Lebih parahnya lagi, ketakutan tersebut amat sangat mungkin dimanfaatkan oleh komplotan kompetitor yang peka akan masalah yang dialami seseorang. Fenomenanya adalah, dalam suatu kelompok yang tercipta hubungan baik dan selaras tidak selamanya saling mendukung dan memacu individu untuk memaksimalkan ekspektasi dan ambisinya. Musuh dalam selimut, serigala berbulu domba, entah apapun itu yang menggambarkan situasi dimana rekan sejawat ataupun orang terdekat adalah kompetitor yang paling berbahaya bagi manusia. Ketika manusia yang berekspektasi dan berambisi menemui halangan yang memberatkan, ia akan sangat mengharapkan solusi (petuah bijak) akan masalahnya tersebut dan amat sangat berterimakasih akan itu. Namun, dengan adanya ekspektasi dan ambisi yang tidak hanya dimiliki seorang saja, tentunya dimiliki oleh kompetitor lainnya, dalam hal ini si pemberi petuah merupakan kompetitornya, keduanya mendorong seseorang untuk memberikan bangunan kata-kata yang dianggap baik bagi manusia yang sedang terpuruk, padahal secara esensial merupakan kunci akan semakin hancurnya manusia tersebut.
Tidak ada salahnya manusia berpetuah, menelurkan kata demi kata untuk sebuah perubahan yang dapat memperbaiki kualitas diri, entah dalam jiwa maupun pikiran. Setiap sebuah bangunan kata-kata yang menjadi sebuah struktur pemberi acuan bagi seseorang untuk meningkatkan standar bagaimana ia menjalani hidup, dapat dikira sebagai sesuatu yang mahal harganya.
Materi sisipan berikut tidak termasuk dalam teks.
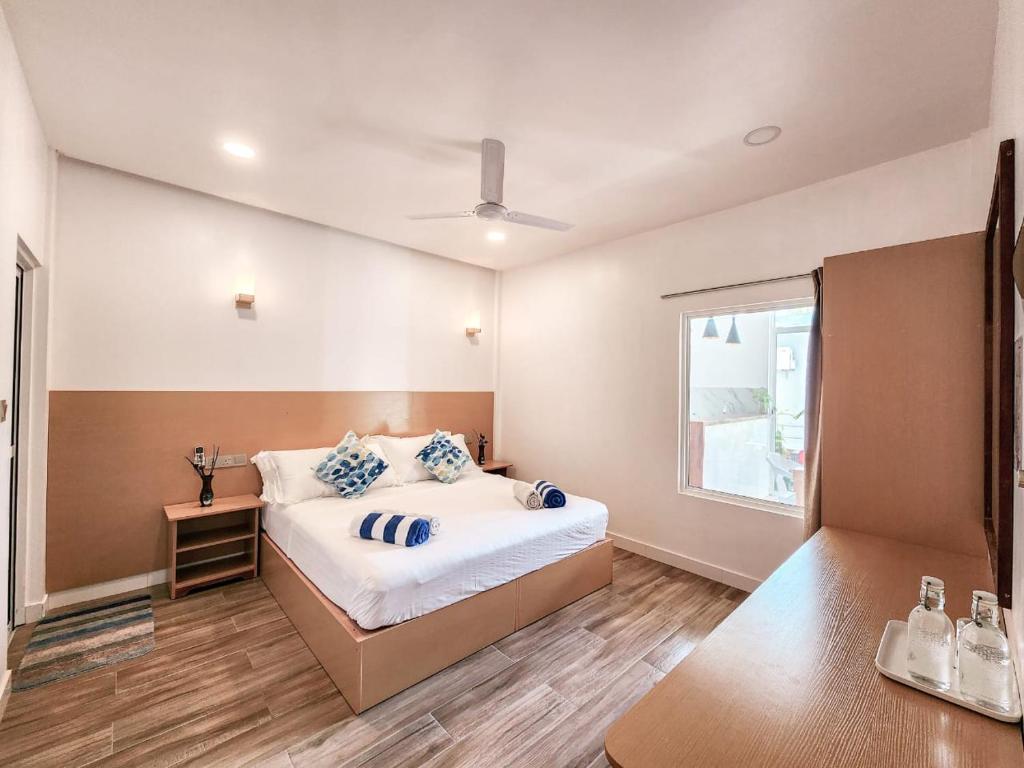 Raalhu Fonu Maldives - Habitación Doble O Gemela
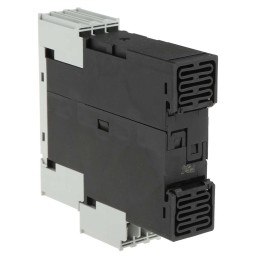1 pcs - Siemens Voltage Monitoring Relay, 1 Phase, SPDT, 10 - 600V ac/dc, DIN Rail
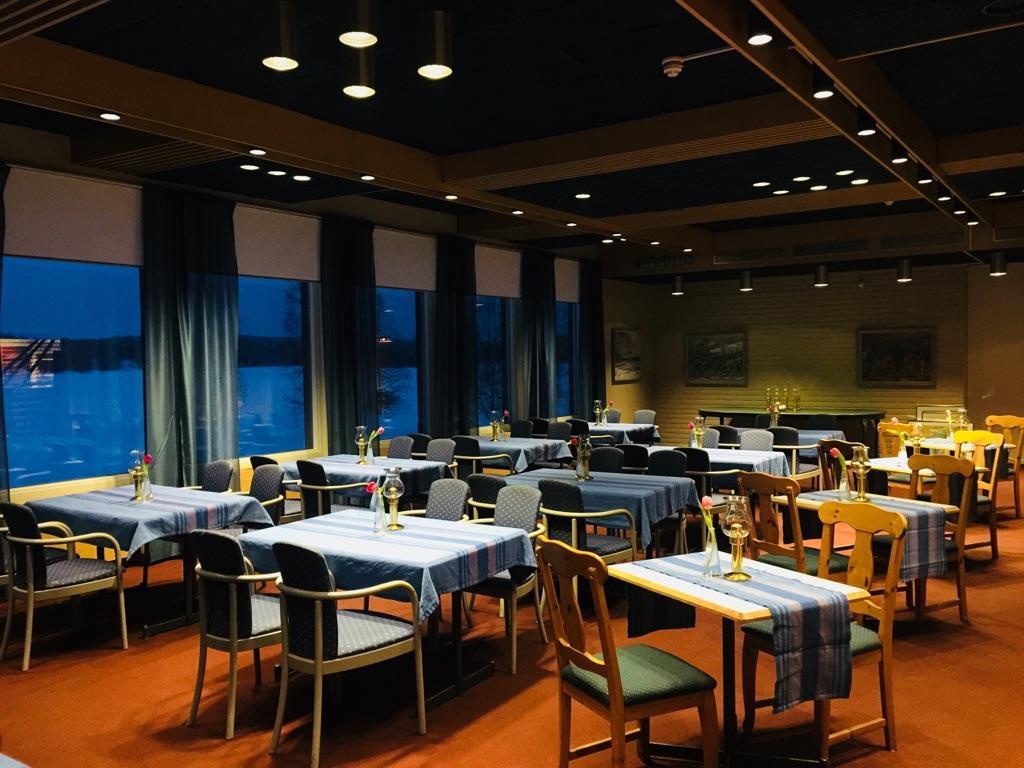 Asele Wardshus Hotell Exteriör bild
Dan pada kenyataannya, patut dibedakan antara sebuah bangunan kata-kata yang membangun, dengan sebuah bangunan kata-kata yang destruktif dan tidak menggugah, tidak ada salahnya apabila manusia cenderung memberikan acuan kata-kata untuk meruntuhkan sebuah niat baik, ataupun sebuah cara hidup yang luhur, kepada seseorang, karena diantara manusia satu dengan lainnya tergabung dalam sebuah kompetisi, untuk menjadi yang paling termulia dibandingkan yang lainnya. Ekspektasi dan ambisi kadang bertalian dengan kesuksesan, namun juga beriringan erat dengan kegagalan, imbas dari lemahnya mental maupun bangunan kata-kata yang tidak membangun dari mereka yang dianggap orang terdekat.